Data provided: Begin

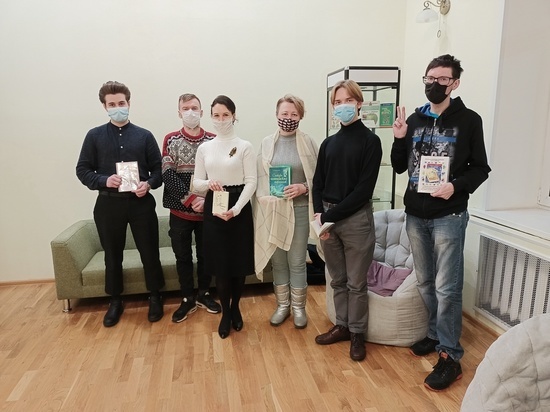 Жителей Серпухова пригласили на поэтическую среду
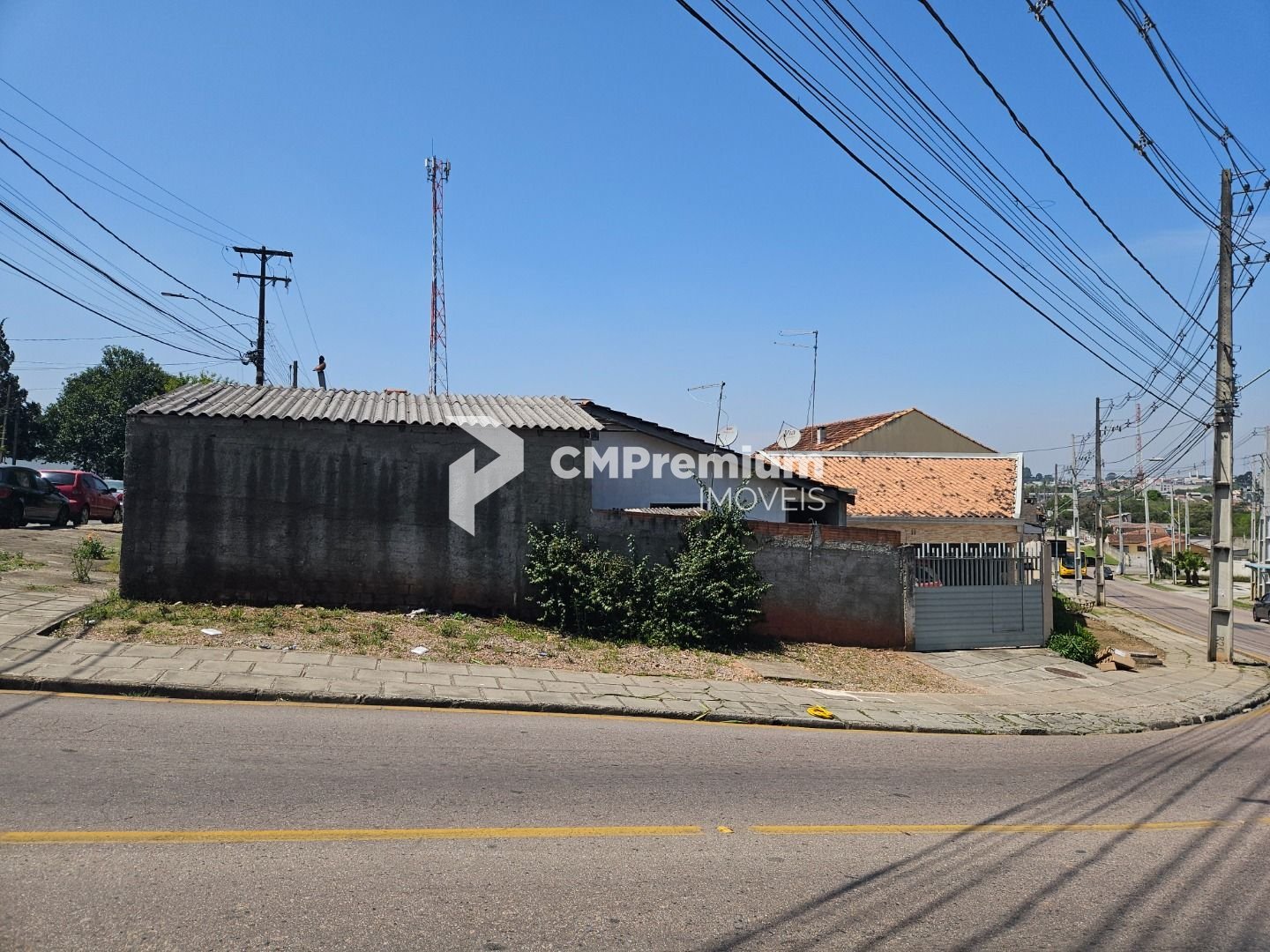 Terreno Comercial de esquina, à venda, 409 m  por R  690.000 -...
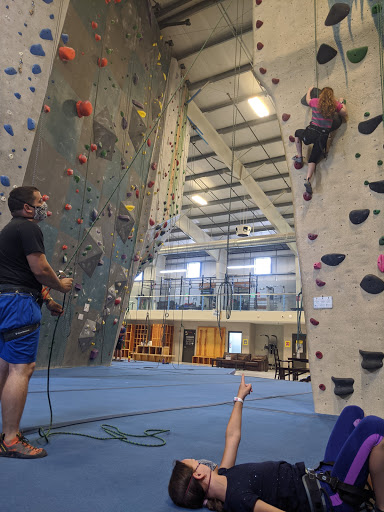Rock Climbing Gym «Central Rock Gym», reviews and photos, 259 Eastern Blvd, Glastonbury, CT 06033, USA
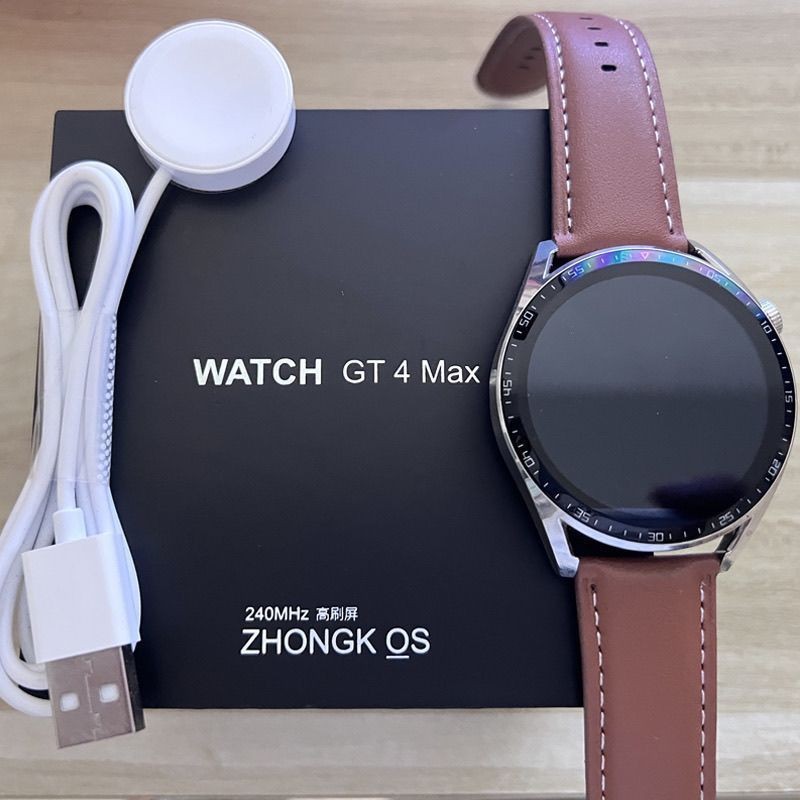 เหมาะสําหรับ Huaqiangbei GT4MAX ที่ชาร์จนาฬิกาสายสารานุกรมสายชาร์จแม่เหล็ก DT3PRO GT3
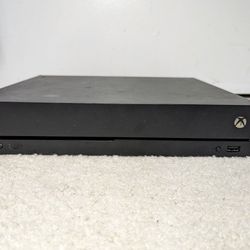 Xbox One X 1TB - For Parts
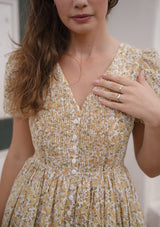 Clementine Day Dress | Midsummer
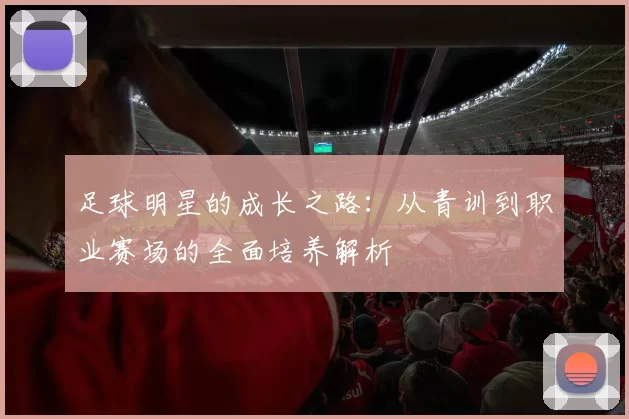 足球明星的成长之路：从青训到职业赛场的全面培养解析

Data provided: End

Skipping any pictures, transcribe the full listing exactly.

* **Task response**
 Жителей Серпухова пригласили на поэтическую среду
 Terreno Comercial de esquina, à venda, 409 m  por R  690.000 -...
Rock Climbing Gym «Central Rock Gym», reviews and photos, 259 Eastern Blvd, Glastonbury, CT 06033, USA
 เหมาะสําหรับ Huaqiangbei GT4MAX ที่ชาร์จนาฬิกาสายสารานุกรมสายชาร์จแม่เหล็ก DT3PRO GT3
 Xbox One X 1TB - For Parts
 Clementine Day Dress | Midsummer
 足球明星的成长之路：从青训到职业赛场的全面培养解析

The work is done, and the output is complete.